環境広告は企業のコミットメントであるべき

 ―― 広告活動をはじめとする、具体的な企業のコミュニケーションについてご提案は。

 何よりもウソを言わないこと、そして過大広告をしないということです。企業活動全体のうち1%しかグリーンでないのに(それを全面的に環境に配慮しているとして)、まるで100%がグリーンであるかのようなメッセージを発信することはやめてほしいと思います。

 多くの消費者は、すべてがグリーンな企業があるとは思っていませんし、だからといって、それが悪いとも思っていません。今、大切なのは、問題の重大性に気づいて、一刻でも早く、少しずつでもグリーンな方向に動き出さなくてはいけないということを、社会全体で共有することです。そんな時に、去年まで一度も環境配慮について何も言っていなかった企業が、一晩明けたら全部がグリーンになったような言い方をしても、消費者に見透かされるだけでしょう。

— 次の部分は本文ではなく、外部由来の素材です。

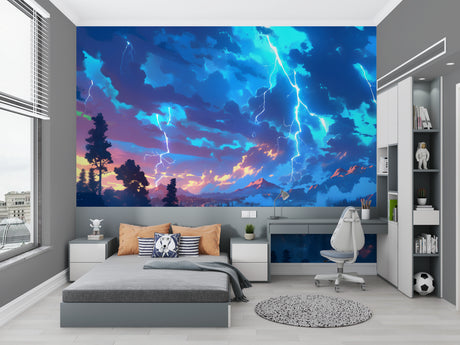 Anime Storm Lightning Wallpaper in modern gaming room with blue LED lighting accents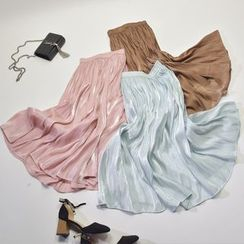 DORRIE - Elastic-Waist Pleated Skirt
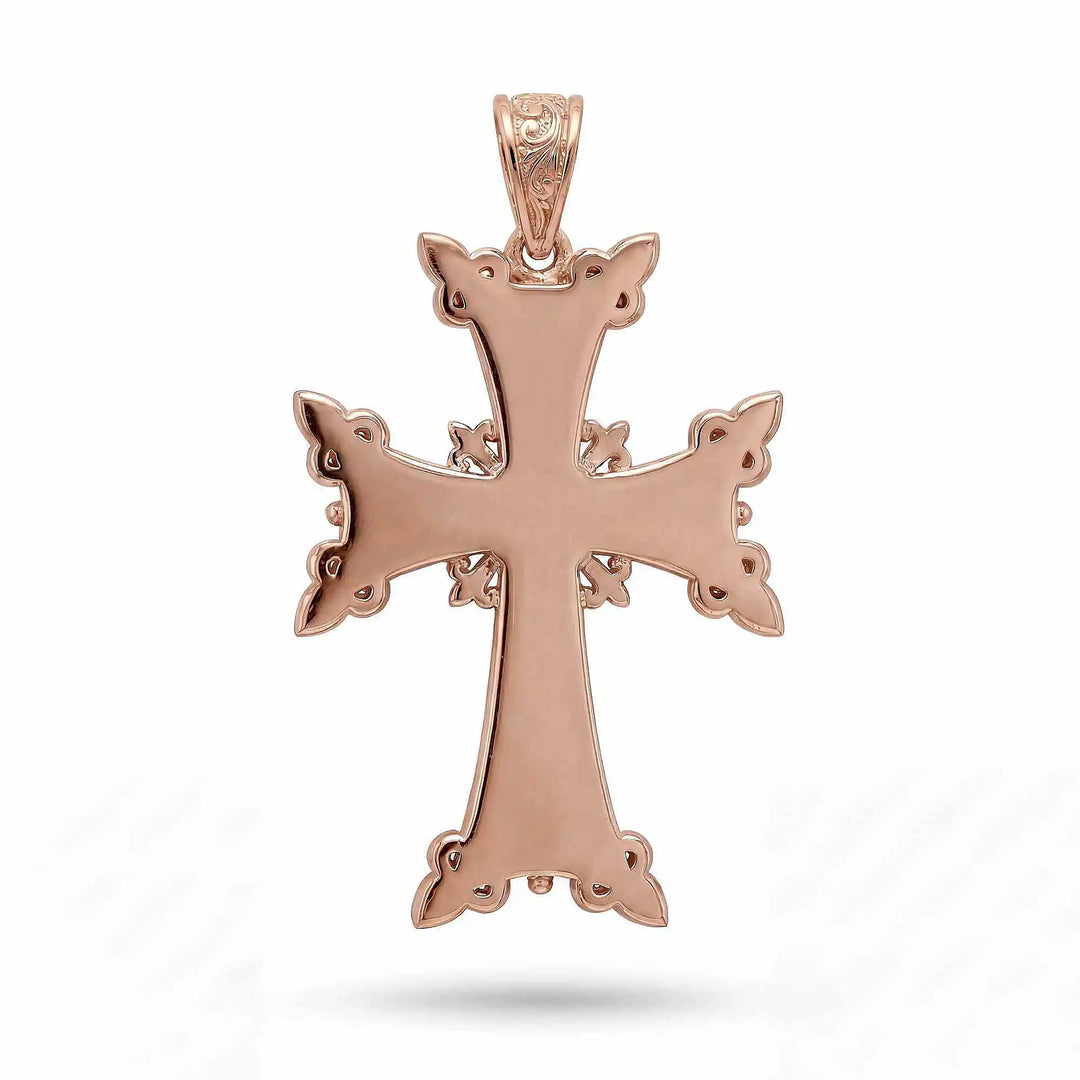 Ornate Armenian cross pendant necklace with detailed filigree design displayed on white background.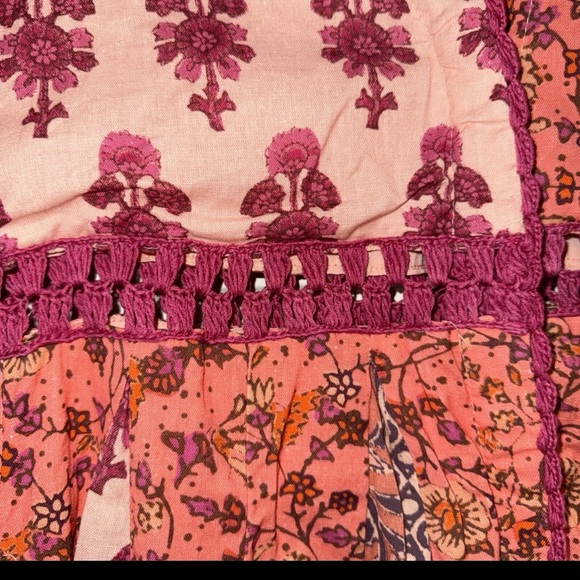 Free People Floral Red and Pink Mini Dress babydoll bohemian boho - Picture 5 of 9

 つまり企業にとって広告とは、単なる情報提供なのか、それとも企業のコミットメントなのかということです。この商品はカーボンフットプリント(原料採取から製造、購買・消費、廃棄に至るまでに発生するCO2排出量を算出してラベルなどに表示する制度)に対応しているかなど、数値的な情報を出すことも重要です。しかし、より大切なのは、その環境負荷をこれからどう減らすのか、有害なマテリアルをどう除去していくのかというコミットメントです。真剣に取り組み始めた自分たちの決心を伝え、消費者に対してそれを見守ってほしい、支援をしてほしいというメッセージこそ、社会が求めているものです。

 ――来年10月には名古屋でCOP10(生物多様性条約第10回締約国会議)が開かれます。自然の保全にも、人々の注目が集まると思われます。

 自然保全や生物多様性については、まだ一般的な認知度が低いのが現実です。人々が持つイメージがバラバラです。生態系に何が起きているかという情報もほとんどない。数年前、日本では「タマちゃん」ブームが起きました。多くの人々が一頭のアザラシに一喜一憂し、涙を流しました。ではその人々は、ホッキョクグマが地球温暖化のために絶滅の危機に瀕(ひん)している現実になぜ目をくれないのでしょうか。なぜ、1歳になれずに死ぬ子熊が4割以上いるという事実を知らないのでしょうか。

 生物多様性の問題は、CO2削減などのテーマと違い、個人の対応が難しい問題のように思われがちです。しかし、生態系破壊の原因は人間の乱獲や環境破壊であり、人間の行動を起源とした問題という意味では、他のあらゆる環境問題と同根です。私たちの生活にとっては食の連鎖を脅かすものであり、それ以前に「動物が生きる権利を脅かす権利が私たちにあるのか」という問題があります。自分たちが便利に使っている製品や、日々口にする食材を消費するその裏側で、私たちがどのようなことに加担しているかを知らなくてはなりません。

 企業が最終商品としてのよさだけを前面に出している限り、その生産プロセスを私たち消費者は知ることはできません。アメリカでは「プラグの裏側」といいますが、どのようなコストや犠牲の上にその商品は成り立っているのか。消費者がその情報を目にすることができる。その結果、環境コストが少ない選択をすることで、失われる命を救うことができるはずです。そういった選択肢を、これからの企業は消費者に与えていかねばならないと思います。

末吉竹二郎(すえよし・たけじろう)

国連環境計画 金融イニシアチブ特別顧問

1945年鹿児島県生まれ。1967年東京大学経済学部卒業後、三菱銀行(現三菱東京UFJ銀行)入行。ニューヨーク支店長、取締役、東京三菱銀行信託会社(ニューヨーク)頭取、日興アセットマネジメントを経て、2003年国連環境計画・金融イニシアチブ(UNEP FI)特別顧問に就任。2008年から内閣府に設置された「地球温暖化に関する懇談会」の委員となり、国の政策にもかかわる。一般社団法人日本カーボンオフセットの代表理事も務めている。おもな著書に『ビジネスに役立つ!末吉竹二郎の地球温暖化講義』(東洋経済新報社、2009年)、『最新CSR事情―共存を考える企業の責任と貢献』(泰文堂、2008年)など多数。